Я чувствую за спиной его твердую грудь, которая мерно вздымается, будто он не гнался за мной чертовых пять миль.
Мой крик глушится его большой ладонью, закрывшей мне рот. Я бешено дышу через нос, извиваюсь, пытаюсь освободиться, но это невозможно.
Меня разворачивают с абсолютной легкостью и берут в плен мои запястья.
– Сейчас я уберу свою руку с твоего милого рта и ты не издашь ни звука. Ты поняла меня?

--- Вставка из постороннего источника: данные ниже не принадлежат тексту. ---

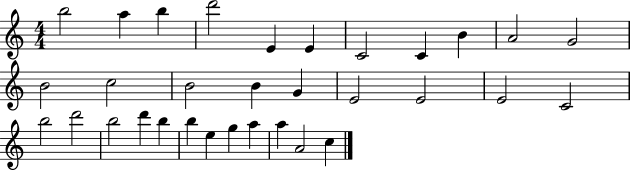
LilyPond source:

{
  \clef treble
  \numericTimeSignature
  \time 4/4
  \key c \major
  b''2 a''4 b''4 | d'''2 e'4 e'4 | c'2 c'4 b'4 | a'2 g'2 | \break b'2 c''2 | b'2 b'4 g'4 | e'2 e'2 | e'2 c'2 | \break b''2 d'''2 | b''2 d'''4 b''4 | b''4 e''4 g''4 a''4 | a''4 a'2 c''4 | \break \bar "|."
}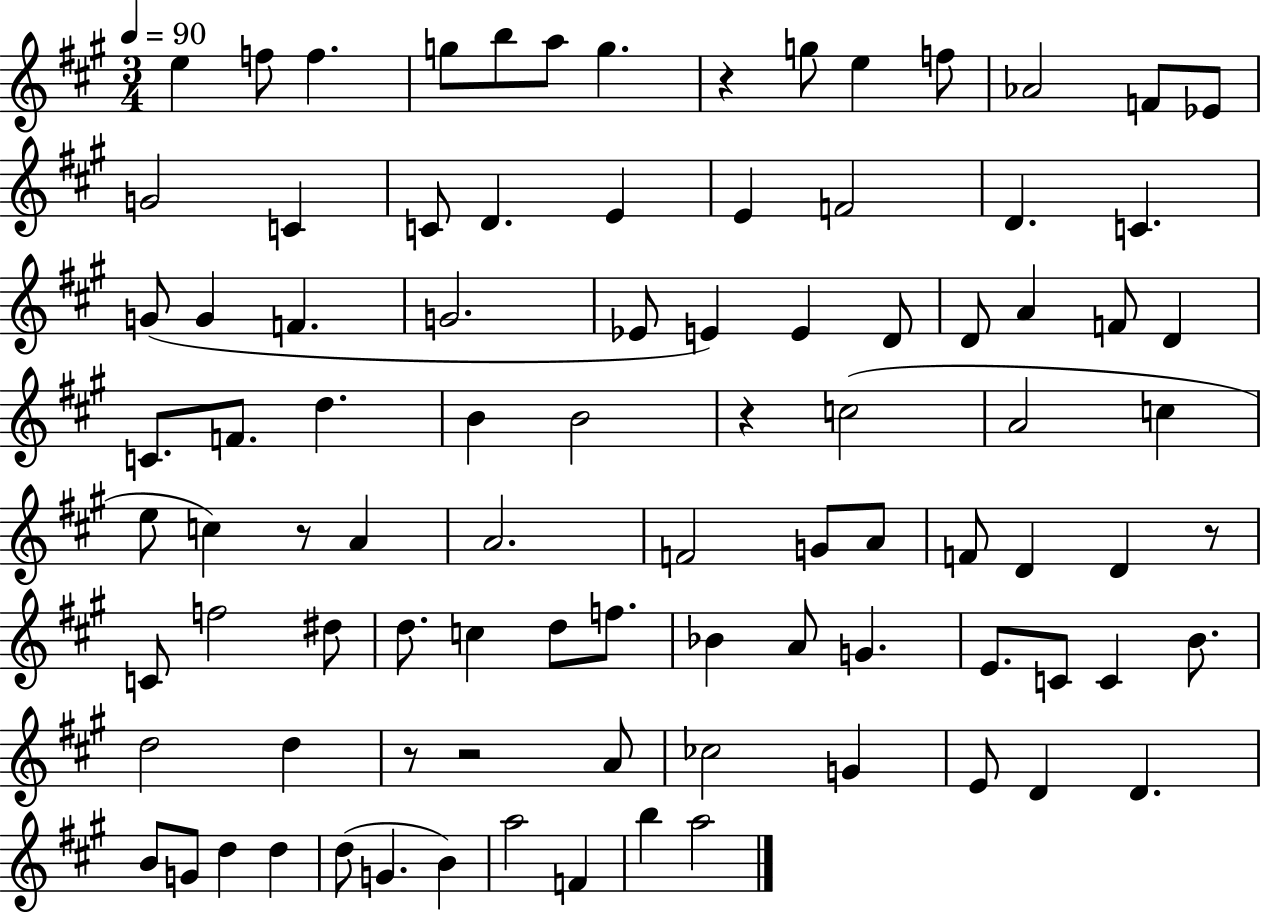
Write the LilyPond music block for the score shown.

{
  \clef treble
  \numericTimeSignature
  \time 3/4
  \key a \major
  \tempo 4 = 90
  \repeat volta 2 { e''4 f''8 f''4. | g''8 b''8 a''8 g''4. | r4 g''8 e''4 f''8 | aes'2 f'8 ees'8 | \break g'2 c'4 | c'8 d'4. e'4 | e'4 f'2 | d'4. c'4. | \break g'8( g'4 f'4. | g'2. | ees'8 e'4) e'4 d'8 | d'8 a'4 f'8 d'4 | \break c'8. f'8. d''4. | b'4 b'2 | r4 c''2( | a'2 c''4 | \break e''8 c''4) r8 a'4 | a'2. | f'2 g'8 a'8 | f'8 d'4 d'4 r8 | \break c'8 f''2 dis''8 | d''8. c''4 d''8 f''8. | bes'4 a'8 g'4. | e'8. c'8 c'4 b'8. | \break d''2 d''4 | r8 r2 a'8 | ces''2 g'4 | e'8 d'4 d'4. | \break b'8 g'8 d''4 d''4 | d''8( g'4. b'4) | a''2 f'4 | b''4 a''2 | \break } \bar "|."
}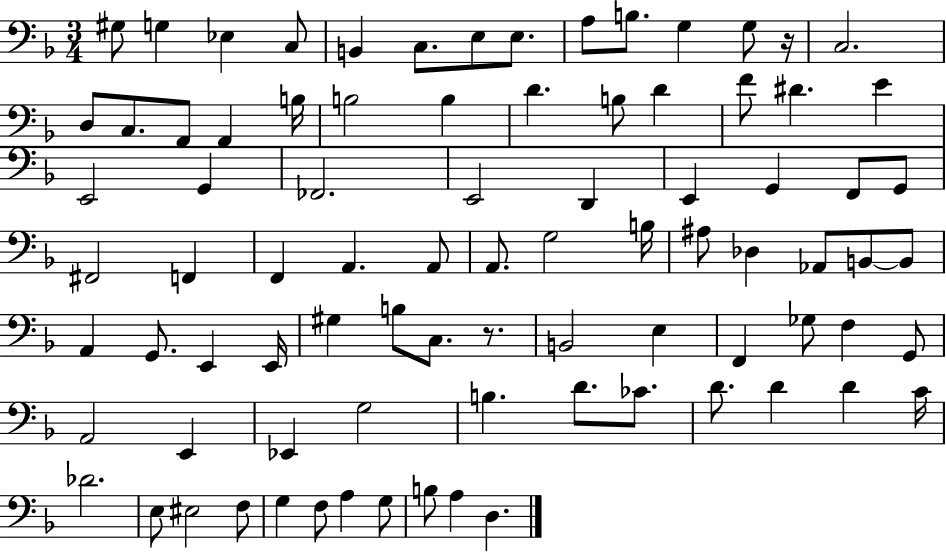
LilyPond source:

{
  \clef bass
  \numericTimeSignature
  \time 3/4
  \key f \major
  gis8 g4 ees4 c8 | b,4 c8. e8 e8. | a8 b8. g4 g8 r16 | c2. | \break d8 c8. a,8 a,4 b16 | b2 b4 | d'4. b8 d'4 | f'8 dis'4. e'4 | \break e,2 g,4 | fes,2. | e,2 d,4 | e,4 g,4 f,8 g,8 | \break fis,2 f,4 | f,4 a,4. a,8 | a,8. g2 b16 | ais8 des4 aes,8 b,8~~ b,8 | \break a,4 g,8. e,4 e,16 | gis4 b8 c8. r8. | b,2 e4 | f,4 ges8 f4 g,8 | \break a,2 e,4 | ees,4 g2 | b4. d'8. ces'8. | d'8. d'4 d'4 c'16 | \break des'2. | e8 eis2 f8 | g4 f8 a4 g8 | b8 a4 d4. | \break \bar "|."
}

Я смотрю на него яростно и хочу убить прямо на месте. Сквозь слезы я могу разглядеть лишь черные пустые глаза. Глаза дьявола.
Грудь высоко поднимается и опускается. Он медленно убирает руку с моего лица, нежным движением заправляя выбившуюся прядь за ухо. Меня тошнит, все тело охватывает озноб, но, несмотря на парализующий страх, я произношу с ненавистью, прекрасно осознавая, что за этой вспышкой последует наказание:
– Да пошел ты!
Он смотрит на меня темными глазами. Такими темными, что они практически сливаются с ночью.
– Мне нравится твоя ярость, – говорит он тихо. – Я рад, что она никуда не исчезает.
У моего кошмара даже не было лица: оно всегда прикрыто маской. Все, что я знаю о нем: он очень высокий и очень сильный – отличное качество для серийного убийцы и психопата. И никаких отличительных признаков. Черная толстовка, джинсы и массивные ботинки.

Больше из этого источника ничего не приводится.